Tout ce que dit Diodore de Sicile, sept siècles après Hérodote, est de la même force dans tout ce qui regarde les antiquités et la physique. L’abbé Terrasson nous disait : « Je traduis le texte de Diodore dans toute sa turpitude. » Il nous en lisait quelquefois des morceaux chez M. de La Faye ; et quand on riait, il disait : « Vous verrez bien autre chose. » Il était tout le contraire de Dacier.

Le plus beau morceau de Diodore est la charmante description de l’île Panchaïe, Panchaïca tellus, célébrée par Virgile[2]. Ce sont des allées d’arbres odoriférants, à perte de vue ; de la myrrhe et de l’encens pour en fournir au monde entier sans s’épuiser ; des fontaines qui forment une infinité de canaux bordés de fleurs ; des oiseaux ailleurs inconnus, qui chantent sous d’éternels ombrages ; un temple de marbre de quatre mille pieds de longueur, orné de colonnes et de statues colossales, etc., etc.

Cela fait souvenir du duc de La Ferté, qui, pour flatter le goût de l’abbé Servien, lui disait un jour : « Ah ! si vous aviez vu mon fils, qui est mort à l’âge de quinze ans ! quels yeux ! quelle fraîcheur de teint ! quelle taille admirable ! l’Antinoüs du Belvédère n’était auprès de lui qu’un magot de la Chine ; et puis, quelle douceur de mœurs ! faut-il que ce qu’il y a jamais eu de plus beau m’ait été enlevé ! » L’abbé Servien s’attendrit ; le duc de La Ferté, s’échauffant par ses propres paroles, s’attendrit aussi : tous deux enfin se mirent à pleurer ; après quoi il avoua qu’il n’avait jamais eu de fils.

Un certain abbé Bazin avait relevé avec sa discrétion ordinaire un autre conte de Diodore[3]. C’était à propos du roi d’Égypte Sésostris, qui, probablement, n’a pas plus existé que l’île Panchaïe.
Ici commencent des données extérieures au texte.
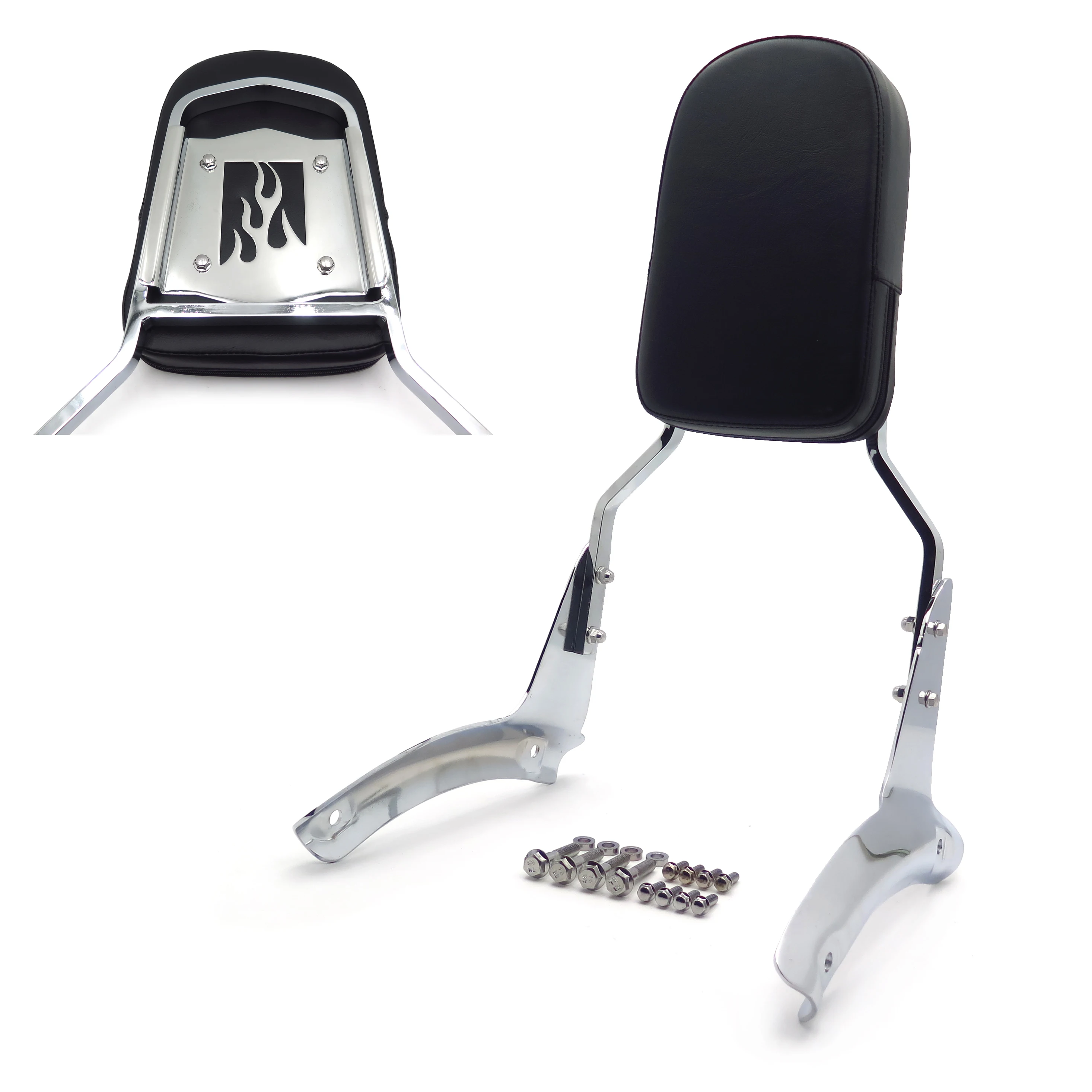 Aftermarket Motorcycle Parts Chrome Flame Backrest Sissy Bar With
Le père de Sésostris, qu’on ne nomme point, imagina, le jour que

  1. Remarquez qu’Hérodote vivait du temps de Xerxès, lorsque Babylone était dans sa plus grande splendeur : les Grecs ignoraient la langue chaldéenne. Quelque interprète se moqua de lui, ou Hérodote se moqua des Grecs. Lorsque les musicos d’Amsterdam étaient dans leur plus grande vogue, on aurait bien pu faire accroire à un étranger que les premières dames de la ville venaient se prostituer aux matelots qui revenaient de l’Inde, pour les récompenser de leurs peines. Le plus plaisant de tout ceci, c’est que des pédants welches ont trouvé la coutume de Babylone très-vraisemblable et très-honnête. (Note de Voltaire.)
  2. Panchaïa tellus est d’Ovide, Métam., X, 309 ; Virgile, Georg., II, 139, dit : Panchaïa pinguis.
  3. Voyez le paragraphe xix de la Philosophie de l’histoire, devenue l’Introduction à l’Essai sur les Mœurs, tome XI, page 61.